Title: The Revealed
Author: Jessica Hickam
Length: 413 pages
Rating: 3 Stars
Lily Atwood lives in what used to be called Washington, D.C. Her father is one of the most powerful men in the world, having been a vital part of rebuilding and reuniting humanity after the war that killed over five billion people. Now he’s running to be one of its leaders.
But in the rediscovered peace on Earth, a new enemy has risen. They call themselves the Revealed – a powerful underground organization that has been kidnapping 18 year olds across the globe without reservation. No one knows why they are kidnapping these teens, but it’s clear something is different about these people. They can set fires with a snap of their fingers and create a wind strong enough to barrel over a tree with a flick of their wrist. No one has been able to stop them, and they have targeted Lily as their next victim.
But Lily has waited too long to break free from her father’s shadow to let some rebel organization just ruin everything. Not without a fight. -Goodreads
This is not a bad book. In fact, all things considered, it is quite well written. What stands out as a major flaw of this read however, is the inordinate amount of time that leading lady, Lily Atwood, spends worrying and fretting over her emanate abduction by the enigmatic organization known as The Revealed, and the actual anticlimactic occurrence at somewhere around 60%.
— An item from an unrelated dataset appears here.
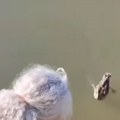 (Video): "Svaka čast ljudino!"Beograđanin otopio srca mnogima: Spasio 7 pačića od zloglasnih vrana, pa ih vratio mama patki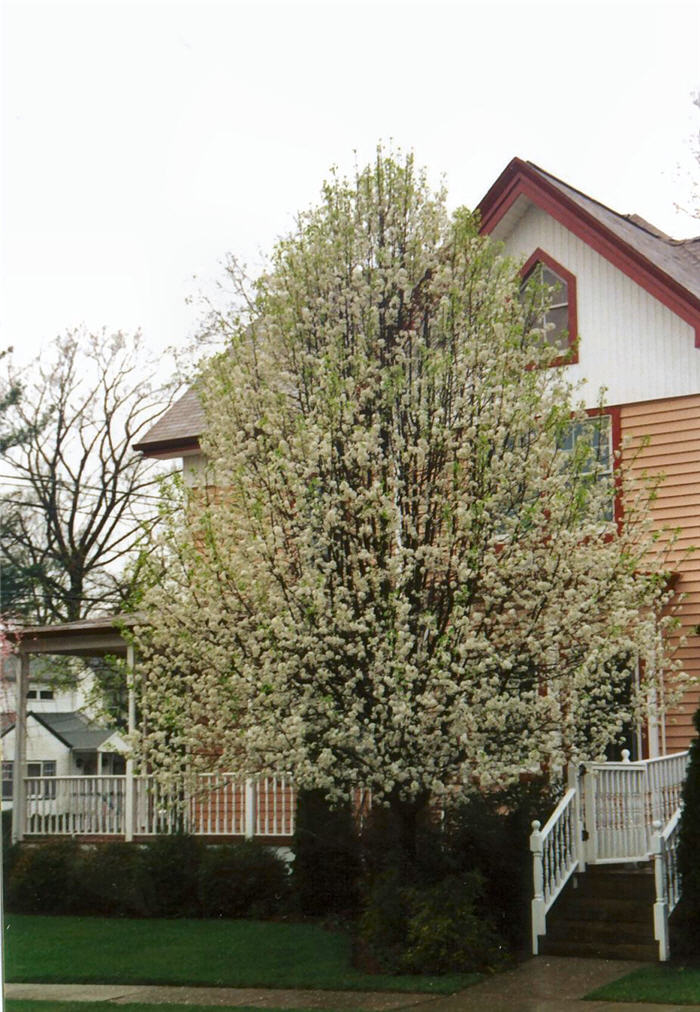 Plant photo of: Pyrus calleryana 'Bradford'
Lily is written to be somewhat of a rebel, but comes off as a bit naive and sorely in need of the protection offered by her counterpart and unlikely love interest, Kai Westerfield. Though Kai has a serious case of the "young white knight" going on, his saving of the princess gets a little too convenient as time goes on.
The fact that so much of this read was dedicated to mundane details and setup, really works against its plot when the true meat of the story is exposed at its final 40%.
The Xmen feel of her time with The Revealed, and all the plot twists and turns that result, are rushed and underdeveloped.
This book is saved by the fact that it is a book one. As such, there is plenty of room for further character development and fleshing out of the story in later installments.
This is a very quick read, and as such would make good palate cleanser between heavier reads.